**Your goal:** Every record, from first to last, should be retyped word for word.

**Provided entries:**
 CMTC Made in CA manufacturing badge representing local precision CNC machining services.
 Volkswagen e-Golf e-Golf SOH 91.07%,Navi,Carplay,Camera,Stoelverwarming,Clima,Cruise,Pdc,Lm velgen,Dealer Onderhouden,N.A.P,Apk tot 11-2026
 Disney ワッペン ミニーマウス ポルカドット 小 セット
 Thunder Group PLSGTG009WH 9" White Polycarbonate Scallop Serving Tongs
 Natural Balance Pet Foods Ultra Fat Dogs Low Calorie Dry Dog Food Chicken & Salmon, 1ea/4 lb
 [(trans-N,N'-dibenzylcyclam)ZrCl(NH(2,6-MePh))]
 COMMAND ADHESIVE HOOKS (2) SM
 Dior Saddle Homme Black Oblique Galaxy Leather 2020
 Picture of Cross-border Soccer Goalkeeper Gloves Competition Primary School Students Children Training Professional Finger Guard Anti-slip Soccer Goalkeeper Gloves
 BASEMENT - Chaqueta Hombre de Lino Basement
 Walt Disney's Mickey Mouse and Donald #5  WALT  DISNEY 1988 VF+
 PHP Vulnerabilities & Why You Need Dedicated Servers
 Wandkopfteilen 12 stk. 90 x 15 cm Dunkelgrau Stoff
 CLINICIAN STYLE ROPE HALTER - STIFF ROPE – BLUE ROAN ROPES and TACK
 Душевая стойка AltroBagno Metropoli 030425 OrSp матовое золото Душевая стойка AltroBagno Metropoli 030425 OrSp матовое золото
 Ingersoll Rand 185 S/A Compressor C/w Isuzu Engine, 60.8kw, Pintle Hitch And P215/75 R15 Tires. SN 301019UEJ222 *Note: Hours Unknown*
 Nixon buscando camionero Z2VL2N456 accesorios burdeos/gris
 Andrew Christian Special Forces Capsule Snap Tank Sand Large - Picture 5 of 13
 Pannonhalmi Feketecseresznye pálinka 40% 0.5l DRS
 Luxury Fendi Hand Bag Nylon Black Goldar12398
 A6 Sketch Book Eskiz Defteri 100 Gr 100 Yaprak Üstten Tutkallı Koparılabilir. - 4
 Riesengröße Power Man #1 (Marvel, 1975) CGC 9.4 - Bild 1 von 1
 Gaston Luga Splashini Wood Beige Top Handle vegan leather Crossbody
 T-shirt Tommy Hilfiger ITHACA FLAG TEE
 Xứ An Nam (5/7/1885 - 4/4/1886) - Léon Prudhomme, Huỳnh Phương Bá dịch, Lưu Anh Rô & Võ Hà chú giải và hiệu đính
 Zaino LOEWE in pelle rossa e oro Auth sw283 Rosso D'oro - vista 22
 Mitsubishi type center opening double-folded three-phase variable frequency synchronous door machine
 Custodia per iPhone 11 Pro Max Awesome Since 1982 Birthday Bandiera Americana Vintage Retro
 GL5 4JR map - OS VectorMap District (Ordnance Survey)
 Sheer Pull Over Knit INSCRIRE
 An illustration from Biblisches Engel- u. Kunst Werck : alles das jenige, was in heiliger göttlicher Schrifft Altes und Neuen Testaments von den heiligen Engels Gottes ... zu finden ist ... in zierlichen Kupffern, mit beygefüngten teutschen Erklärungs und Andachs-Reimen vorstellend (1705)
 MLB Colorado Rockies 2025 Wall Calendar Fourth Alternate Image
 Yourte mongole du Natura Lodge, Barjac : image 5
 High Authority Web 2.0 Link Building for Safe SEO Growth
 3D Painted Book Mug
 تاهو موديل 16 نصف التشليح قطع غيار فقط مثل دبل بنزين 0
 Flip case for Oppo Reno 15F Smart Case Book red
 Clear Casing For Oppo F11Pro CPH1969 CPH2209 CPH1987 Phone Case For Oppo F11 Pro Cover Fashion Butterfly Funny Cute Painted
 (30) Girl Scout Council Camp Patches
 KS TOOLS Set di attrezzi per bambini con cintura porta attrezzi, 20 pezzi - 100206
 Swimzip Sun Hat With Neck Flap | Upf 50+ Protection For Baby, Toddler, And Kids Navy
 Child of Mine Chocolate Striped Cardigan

**Result of this task:**
 CMTC Made in CA manufacturing badge representing local precision CNC machining services.
 Volkswagen e-Golf e-Golf SOH 91.07%,Navi,Carplay,Camera,Stoelverwarming,Clima,Cruise,Pdc,Lm velgen,Dealer Onderhouden,N.A.P,Apk tot 11-2026
 Disney ワッペン ミニーマウス ポルカドット 小 セット
 Thunder Group PLSGTG009WH 9" White Polycarbonate Scallop Serving Tongs
 Natural Balance Pet Foods Ultra Fat Dogs Low Calorie Dry Dog Food Chicken & Salmon, 1ea/4 lb
 [(trans-N,N'-dibenzylcyclam)ZrCl(NH(2,6-MePh))]
 COMMAND ADHESIVE HOOKS (2) SM
 Dior Saddle Homme Black Oblique Galaxy Leather 2020
 Picture of Cross-border Soccer Goalkeeper Gloves Competition Primary School Students Children Training Professional Finger Guard Anti-slip Soccer Goalkeeper Gloves
 BASEMENT - Chaqueta Hombre de Lino Basement
 Walt Disney's Mickey Mouse and Donald #5  WALT  DISNEY 1988 VF+
 PHP Vulnerabilities & Why You Need Dedicated Servers
 Wandkopfteilen 12 stk. 90 x 15 cm Dunkelgrau Stoff
 CLINICIAN STYLE ROPE HALTER - STIFF ROPE – BLUE ROAN ROPES and TACK
 Душевая стойка AltroBagno Metropoli 030425 OrSp матовое золото Душевая стойка AltroBagno Metropoli 030425 OrSp матовое золото
 Ingersoll Rand 185 S/A Compressor C/w Isuzu Engine, 60.8kw, Pintle Hitch And P215/75 R15 Tires. SN 301019UEJ222 *Note: Hours Unknown*
 Nixon buscando camionero Z2VL2N456 accesorios burdeos/gris
 Andrew Christian Special Forces Capsule Snap Tank Sand Large - Picture 5 of 13
 Pannonhalmi Feketecseresznye pálinka 40% 0.5l DRS
 Luxury Fendi Hand Bag Nylon Black Goldar12398
 A6 Sketch Book Eskiz Defteri 100 Gr 100 Yaprak Üstten Tutkallı Koparılabilir. - 4
 Riesengröße Power Man #1 (Marvel, 1975) CGC 9.4 - Bild 1 von 1
 Gaston Luga Splashini Wood Beige Top Handle vegan leather Crossbody
 T-shirt Tommy Hilfiger ITHACA FLAG TEE
 Xứ An Nam (5/7/1885 - 4/4/1886) - Léon Prudhomme, Huỳnh Phương Bá dịch, Lưu Anh Rô & Võ Hà chú giải và hiệu đính
 Zaino LOEWE in pelle rossa e oro Auth sw283 Rosso D'oro - vista 22
 Mitsubishi type center opening double-folded three-phase variable frequency synchronous door machine
 Custodia per iPhone 11 Pro Max Awesome Since 1982 Birthday Bandiera Americana Vintage Retro
 GL5 4JR map - OS VectorMap District (Ordnance Survey)
 Sheer Pull Over Knit INSCRIRE
 An illustration from Biblisches Engel- u. Kunst Werck : alles das jenige, was in heiliger göttlicher Schrifft Altes und Neuen Testaments von den heiligen Engels Gottes ... zu finden ist ... in zierlichen Kupffern, mit beygefüngten teutschen Erklärungs und Andachs-Reimen vorstellend (1705)
 MLB Colorado Rockies 2025 Wall Calendar Fourth Alternate Image
 Yourte mongole du Natura Lodge, Barjac : image 5
 High Authority Web 2.0 Link Building for Safe SEO Growth
 3D Painted Book Mug
 تاهو موديل 16 نصف التشليح قطع غيار فقط مثل دبل بنزين 0
 Flip case for Oppo Reno 15F Smart Case Book red
 Clear Casing For Oppo F11Pro CPH1969 CPH2209 CPH1987 Phone Case For Oppo F11 Pro Cover Fashion Butterfly Funny Cute Painted
 (30) Girl Scout Council Camp Patches
 KS TOOLS Set di attrezzi per bambini con cintura porta attrezzi, 20 pezzi - 100206
 Swimzip Sun Hat With Neck Flap | Upf 50+ Protection For Baby, Toddler, And Kids Navy
 Child of Mine Chocolate Striped Cardigan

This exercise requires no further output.